A postura foi reafirmada em mensagens de e-mail enviada ao ANDES-SN e Sinasefe em tom ultimatista no dia 21 de maio, alertando para o fim do prazo de assinatura em 27 de maio.
Na data referida, em local não divulgado para a bancada sindical, o governo assina acordo com a entidade cartorial, no que pode ser considerado uma tentativa de golpe contra uma greve legítima. O acordo foi suspenso pela Justiça Federal dois dias após assinatura e uma semana depois, a entidade fantoche conseguiu, de presente do governo, o registro sindical que tentava há mais de 10 anos e, assim, tentar suscitar a perda de objeto da suspensão do acordo, junto à Justiça Federal.
Acuado pela pressão da greve, o governo volta à mesa de negociação em 3 de junho e sustenta posição pelo fim do diálogo. ANDES-SN e Sinasefe ocupam o MGI e afirmam: só sairiam quando nova reunião fosse agendada oficialmente. O governo recua novamente e agenda o encontro para 14 de junho.
Em 14 de junho, pressionado e sob críticas pelos ataques às entidades e dirigentes grevistas proferidos por Lula dias antes (10/6) no anúncio de liberação de R$ 5,5 bilhões para o orçamento da Educação, o governo mais uma vez cede e o movimento conquista avanços importantes em pontos não salariais da pauta da greve junto ao MGI e ao MEC.

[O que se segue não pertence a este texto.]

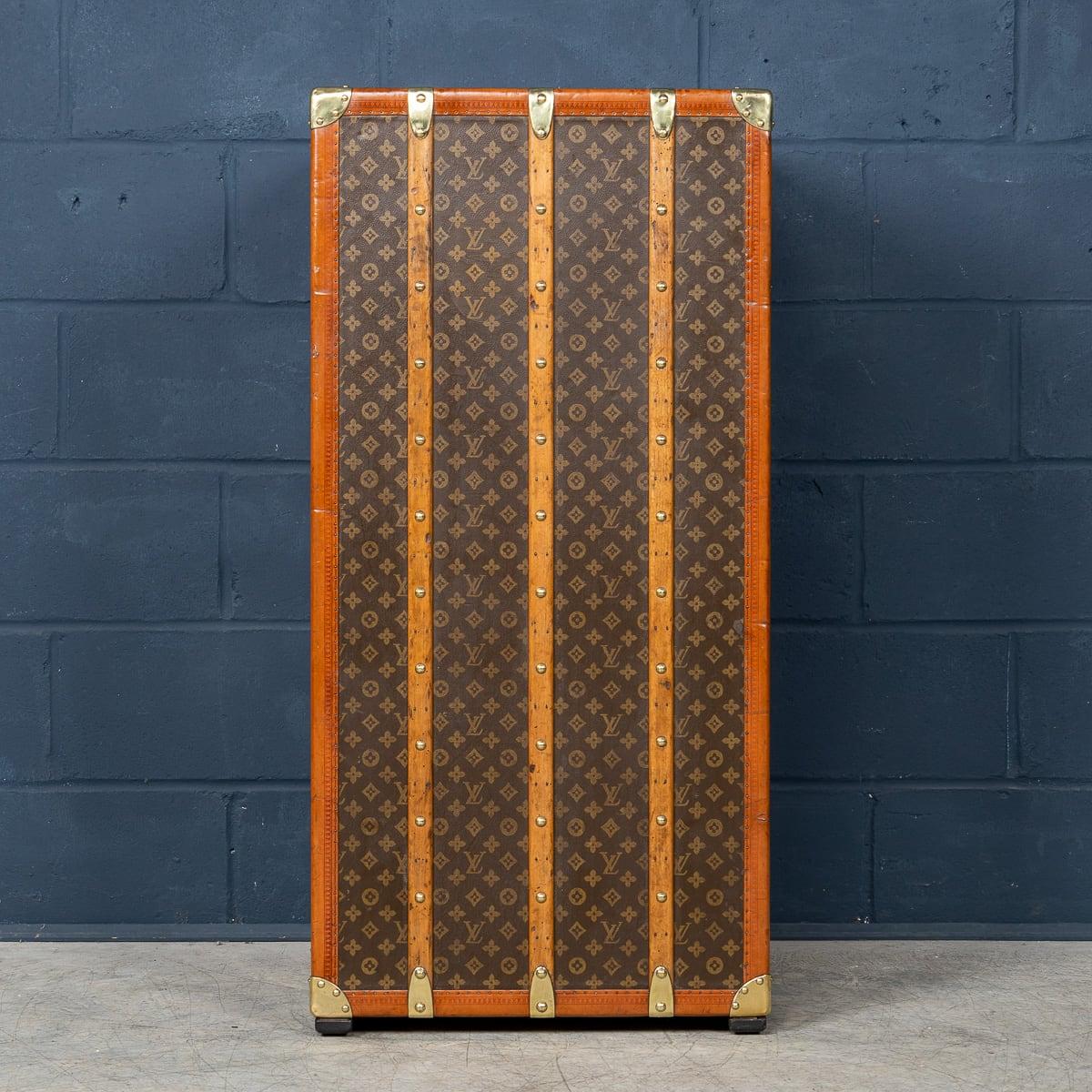 Laiton Malle de garde-robe Louis Vuitton du 20e siècle en toile monogrammée, France vers 1930 en vente
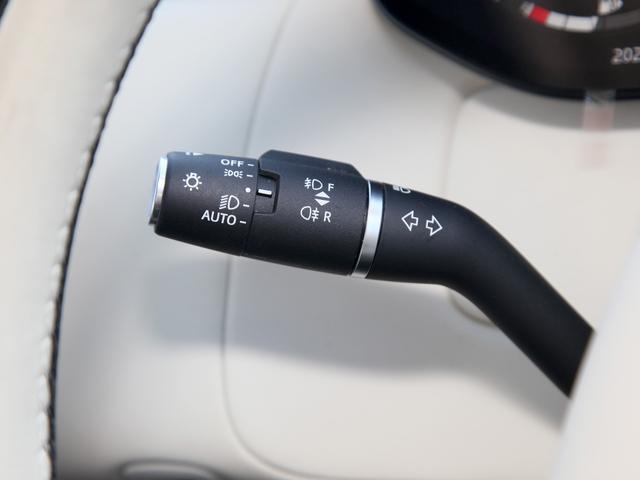 レンジローバー ＨＳＥ　Ｐ５３０　ロングホイールベース　純正ナビ／Ｂカメラ／３６０°カメラ／電動サイドステップ／ガラスルーフ／ＭＥＲＩＤＩＡＮスピーカー／デジタルインナーミラー／黒革シート／シートヒーター／エアシート／ＨＵＤ／ＢＳＭ／リアモニター（16枚目）
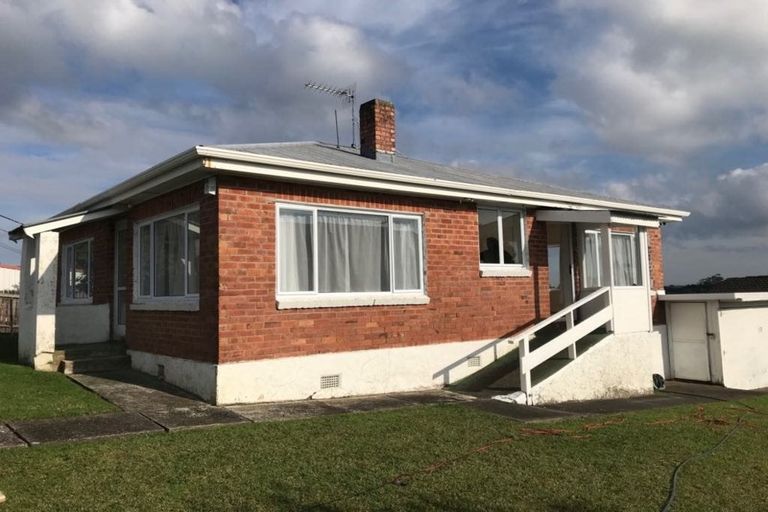 Photo of property in 4/87 Manuka Road, Bayview, Auckland, 0629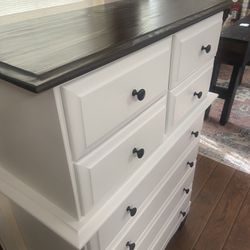 Stunning Solid Wood Gorgeous All New Finish Dresser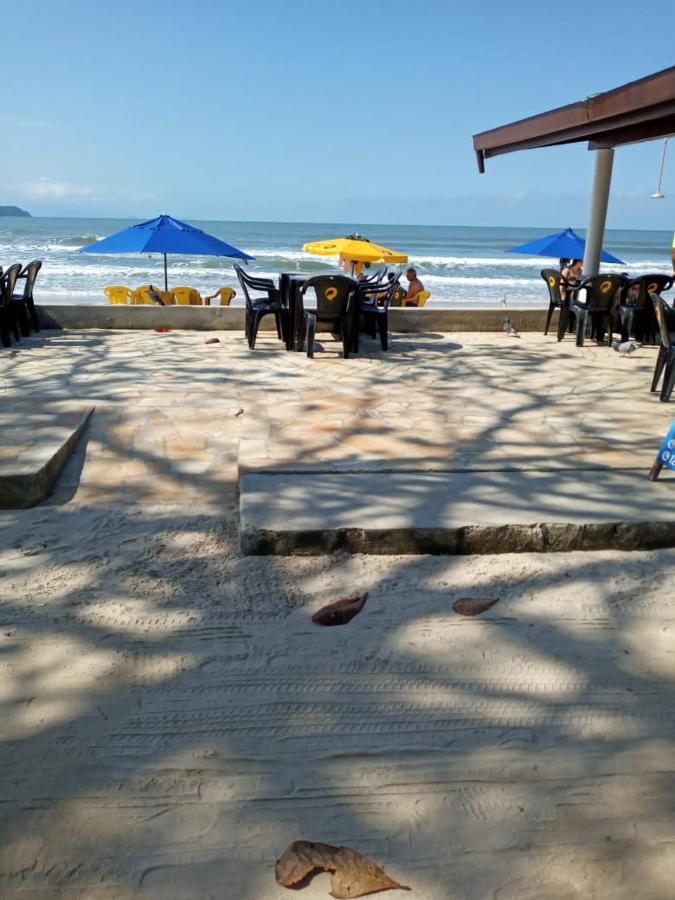 Kitinet Da Casa Azul Praia Das Toninhas ウバトゥバ エクステリア 写真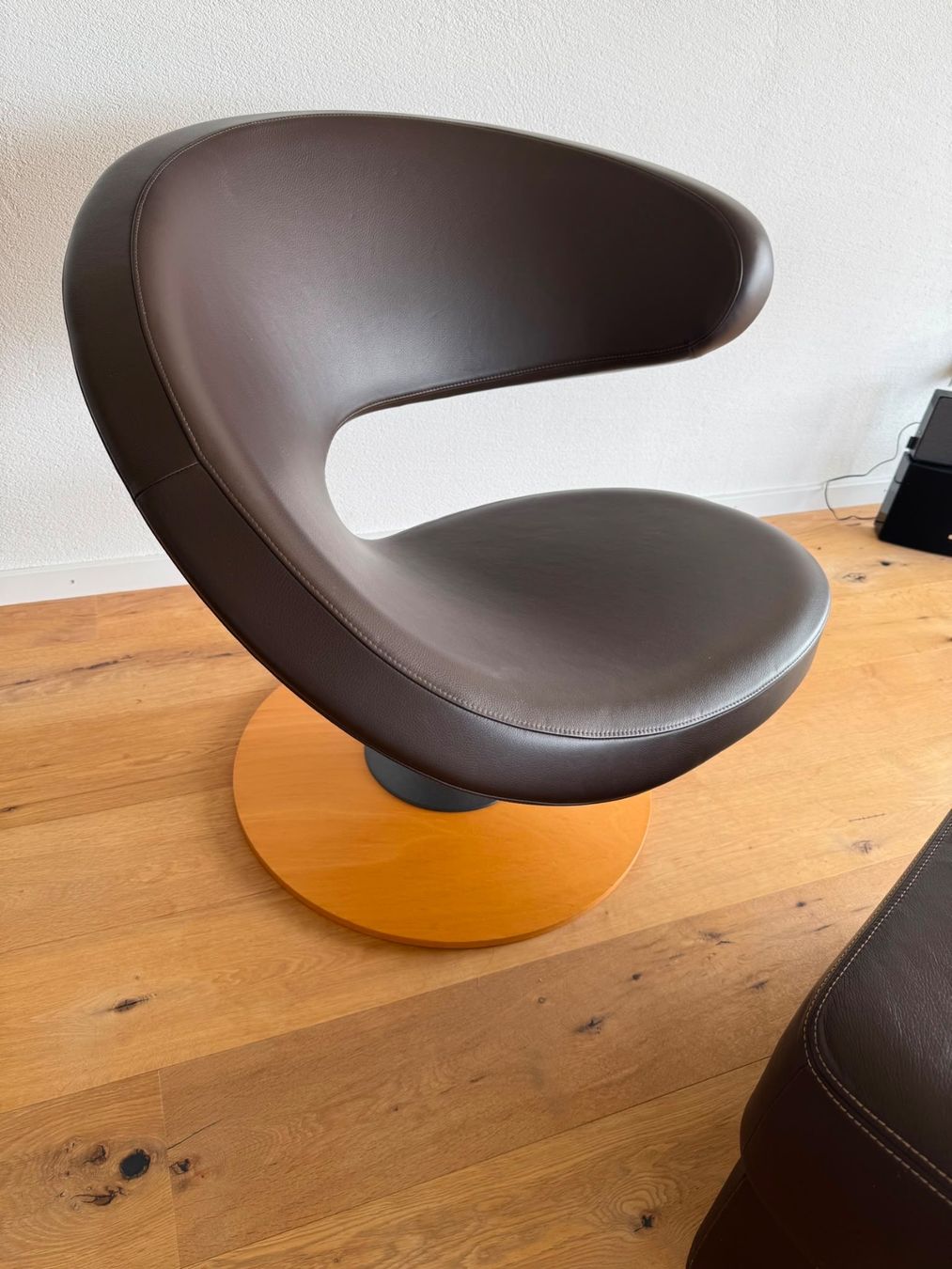 Poltrone: Lederdrehsessel mit Hocker, wie neu ! – Usato da Schindellegi venduto da wbosschieter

Como avalia o CNG em comunicado expedido, “na forma e no conteúdo, a mensagem política do governo é eloquente, recrudescendo seu ataque ao movimento paredista e demarcando seu compromisso com o grande capital, caracterizando o cenário político, no qual não temos condições de avançar na correlação de forças por meio desta greve”.
Encaminhamentos
Com o resultado das assembleias gerais apontando majoritariamente pela saída da greve, o Comando Nacional de Greve indicou calendário para a próxima semana, sendo o 26 de junho a data de assinatura do acordo com o governo e nova rodada de assembleias até 3 de julho, para que as bases definam o dia de saída da greve em suas respectivas instituições. O CNG será dissolvido em 27 de junho, e os Comandos locais permanecem em atividade até o encerramento da greve em cada instituição.